Nell’esame delle cause, Marattin parla più da economista che politico. Tuttavia, egli è ben consapevole che la partita del consenso non si gioca sul campo del modello più raffinato o della regressione più significativa: richiede un packaging fatto di ideali, valori e visione del mondo. In questo senso, Marattin dà una lettura “ideologica” del dibattito italiano: forse il termine non gli piacerà, eppure si tratta del principale pregio del libro.
Marattin non si limita a tracciare il solco tra le politiche pro-crescita e quelle anti-crescita, né a illustrare le ragioni per cui il declino del nostro paese risale agli anni Settanta e Ottanta, quando attraverso la droga monetaria e fiscale cercammo di arginare ed evitare le trasformazioni strutturali che stavano travolgendo gli altri paesi. Il risultato di quella politica è un debito pubblico immenso e un paese ingessato, che – a dispetto dei tentativi e delle buone intenzioni – finora non sono stati sanati. E non lo sono stati proprio perché le forze politiche che si sono alternate a Palazzo Chigi davano una lettura scorretta dell’origine dei problemi. Da cui derivavano scelte dannose. In più, ed è un altro merito, si sforza di fondare l’alternativa liberal-democratica all’interno di una visione del futuro. Non prende scorciatoie: lo conferma la scelta di non rivendicare una alcuna “agenda Draghi”, a cui invece spesso si appellano le formazioni centriste, ben sapendo che quella dell’ex premier è un’esperienza di governo limitata e irripetibile, ma certo non traccia i contorni di una posizione politica.

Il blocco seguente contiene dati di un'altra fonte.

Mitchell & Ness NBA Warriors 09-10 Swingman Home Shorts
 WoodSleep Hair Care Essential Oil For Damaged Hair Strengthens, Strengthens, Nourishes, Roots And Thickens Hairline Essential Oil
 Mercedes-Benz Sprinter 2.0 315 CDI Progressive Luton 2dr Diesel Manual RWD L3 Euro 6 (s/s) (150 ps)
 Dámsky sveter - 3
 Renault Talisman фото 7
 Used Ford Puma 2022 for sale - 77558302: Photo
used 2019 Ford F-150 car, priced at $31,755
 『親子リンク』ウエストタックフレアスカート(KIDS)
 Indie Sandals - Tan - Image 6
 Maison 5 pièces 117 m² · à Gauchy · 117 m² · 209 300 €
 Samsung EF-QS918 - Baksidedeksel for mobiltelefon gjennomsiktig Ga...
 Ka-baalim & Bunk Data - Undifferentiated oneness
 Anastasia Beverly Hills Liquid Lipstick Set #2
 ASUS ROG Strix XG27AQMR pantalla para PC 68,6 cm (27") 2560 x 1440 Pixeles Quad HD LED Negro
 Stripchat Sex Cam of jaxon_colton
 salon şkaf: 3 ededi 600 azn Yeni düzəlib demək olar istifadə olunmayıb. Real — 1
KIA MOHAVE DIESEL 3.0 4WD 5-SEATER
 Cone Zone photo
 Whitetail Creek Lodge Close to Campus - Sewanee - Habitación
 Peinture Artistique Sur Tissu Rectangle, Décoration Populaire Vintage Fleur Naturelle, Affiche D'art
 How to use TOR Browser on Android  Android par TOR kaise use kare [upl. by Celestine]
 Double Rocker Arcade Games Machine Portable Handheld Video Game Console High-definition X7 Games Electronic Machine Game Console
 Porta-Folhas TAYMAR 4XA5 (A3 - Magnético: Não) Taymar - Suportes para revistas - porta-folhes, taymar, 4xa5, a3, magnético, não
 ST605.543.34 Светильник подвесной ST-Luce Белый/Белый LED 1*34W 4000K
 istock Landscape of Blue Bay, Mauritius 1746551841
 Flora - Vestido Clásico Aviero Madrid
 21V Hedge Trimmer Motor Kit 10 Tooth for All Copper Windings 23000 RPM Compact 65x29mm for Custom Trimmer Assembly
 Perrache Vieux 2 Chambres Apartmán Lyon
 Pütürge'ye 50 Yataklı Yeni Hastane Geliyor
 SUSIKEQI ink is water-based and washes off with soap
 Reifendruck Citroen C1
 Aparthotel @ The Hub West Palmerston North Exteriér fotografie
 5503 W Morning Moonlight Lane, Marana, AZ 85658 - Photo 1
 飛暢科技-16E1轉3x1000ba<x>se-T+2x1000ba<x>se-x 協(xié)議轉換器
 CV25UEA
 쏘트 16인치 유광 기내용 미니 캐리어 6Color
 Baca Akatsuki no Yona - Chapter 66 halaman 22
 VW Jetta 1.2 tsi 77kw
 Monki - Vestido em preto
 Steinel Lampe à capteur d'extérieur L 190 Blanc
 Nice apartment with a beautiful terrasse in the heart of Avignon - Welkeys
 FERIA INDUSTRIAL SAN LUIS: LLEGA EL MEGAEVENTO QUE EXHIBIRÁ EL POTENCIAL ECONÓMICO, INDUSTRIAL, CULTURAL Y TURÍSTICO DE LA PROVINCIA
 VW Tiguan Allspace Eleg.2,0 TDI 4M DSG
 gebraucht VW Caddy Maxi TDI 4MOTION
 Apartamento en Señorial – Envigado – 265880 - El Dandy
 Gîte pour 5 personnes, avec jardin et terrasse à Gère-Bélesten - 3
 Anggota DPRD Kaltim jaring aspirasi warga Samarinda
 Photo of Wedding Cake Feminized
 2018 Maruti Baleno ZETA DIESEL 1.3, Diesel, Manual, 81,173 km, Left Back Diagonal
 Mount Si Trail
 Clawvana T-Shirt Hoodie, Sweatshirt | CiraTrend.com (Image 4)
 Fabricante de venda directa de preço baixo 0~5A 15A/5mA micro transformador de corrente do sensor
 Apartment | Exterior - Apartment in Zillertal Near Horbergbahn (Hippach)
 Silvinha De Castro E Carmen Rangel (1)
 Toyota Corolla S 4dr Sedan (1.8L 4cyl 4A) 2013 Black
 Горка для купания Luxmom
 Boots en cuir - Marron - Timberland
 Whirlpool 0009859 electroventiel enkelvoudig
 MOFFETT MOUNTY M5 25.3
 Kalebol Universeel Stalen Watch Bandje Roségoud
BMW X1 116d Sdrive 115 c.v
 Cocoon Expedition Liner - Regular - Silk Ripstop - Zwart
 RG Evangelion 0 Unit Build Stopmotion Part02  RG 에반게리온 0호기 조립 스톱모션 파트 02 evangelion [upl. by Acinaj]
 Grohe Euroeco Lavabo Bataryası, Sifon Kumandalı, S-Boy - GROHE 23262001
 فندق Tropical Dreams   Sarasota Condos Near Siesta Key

Marattin propone quindi un coerente programma per il governo del paese, soffermandosi sulla collocazione internazionale del paese (l’Occidente) e i valori dell’uguaglianza delle opportunità, della facoltà di coltivare i propri talenti e del merito. Questa impalcatura teorica (o, appunto, ideologica) si traduce per Marattin in un programma che è, grosso modo, quello che ci si può aspettare da lui su temi quali il fisco, il welfare, l’energia nucleare, la concorrenza, la riorganizzazione del settore pubblico. Ci sono però due aspetti che meritano di essere citati: uno su cui Marattin è particolarmente coraggioso, l’altro su cui è reticente. Discutendo del rapporto tra teoria e pratica, spiega che non sempre l’opzione teoricamente migliore è praticabile, e dunque il riformista deve perseguire un “second best”. Cioè sacrificare la purezza al miglioramento incrementale. Lo fa in aperta polemica col fuoco amico dei “liberisti sul divano col cocktail in mano” (parafrasando l’espressione di Domenico Arcuri, sebbene in quel frangente il tempo e i fatti abbiano dimostrato che non erano i liberisti a sbagliare). Comunque, sul pragmatismo e il settarismo Marattin ha tutte le ragioni. E lo dimostra con vari esempi, parlando sia di riforme che hanno avuto successo (la riduzione dei costi di manutenzione degli uffici giudiziari attraverso la riunificazione delle decisioni di finanziamento e spesa) sia che non ce l’hanno avuto (l’aumento delle licenze taxi). Solo che poi, nel lungo e interessante capitolo sulle riforme istituzionali, cade lui stesso vittima della logica che condanna. Egli, cioè, spiega perché il paese ha bisogno di un federalismo responsabile e di riforme istituzionali che ne migliorino l’assetto e l’effettività dell’azione del governo. E offre argomenti convincenti per cui le due riforme oggi sul piatto – autonomia e premierato – sono ben distanti dall’ottimo. Ma esse rappresentano un miglioramento o un peggioramento rispetto allo status quo? Al lettore rimane la curiosità.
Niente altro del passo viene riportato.